I felt like specific messages were worded perfectly to my understand. Everything felt relateable. It's interesting too, I didn't end up leaving feeling like I needed to change everything in my life and do more, for the first time in a long time, I felt like I was worth a lot and more importantly that I was worth a lot to Heavenly Father. I think something I thought about was the phrase "Life is not a contest." I really feel that a lot of the time. I want to have it all and then when I look around me and see someone skinnier, or more domestic, or more righteous and I feel like I'm lacking and have something to prove. I think I'm starting to better realize that I have a purpose and how can anyone love me for who I am, if not only do I not love myself for me, but in some ways I don't even know who I am and what my realistic expectations of myself are.
I learned that I can help others, but I can't help everyone. I can give my kids love and care, but I don't have to give everything I am to them. There were sooooo many messages about the Savior and His need for us. It really renewed my testimony of a loving brother. I feel refreshed and ready to face my life on day and sometimes one step at a time. (End of my journal entry)
And if that weren't enough, soon after that I was watching the RS Broadcast with some of my amazing friends and Elder Uchtdorf's talk just felt so important to me. I was so excited to tell Zac about how much I felt the Savior's love for me and felt like He is truly aware of me and my struggles and triumphs. I felt and still feel so blessed and that I am so happy to be me just the way I am, because although I can continually try to be a better person, I am enough.

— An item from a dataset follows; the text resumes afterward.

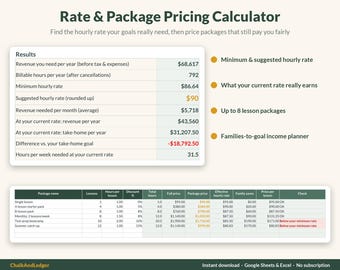 May include: A Rate & Package Pricing Calculator spreadsheet template featuring a results table with financial data, hourly rates, and a package pricing grid. The document includes text labels for revenue, billable hours, and lesson packages.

The last few weeks I feel happier than I have in months. I'm sleeping better, taking better care of myself, and really trying to spend more quality time with my kids. I know that life might not necessarily get any easier, because it feels so busy, but I am learning to be happy and remember to thank my Heavenly Father more regularly for the mountain of blessing we are given every day. I am so grateful for knowing who I am and why I'm here.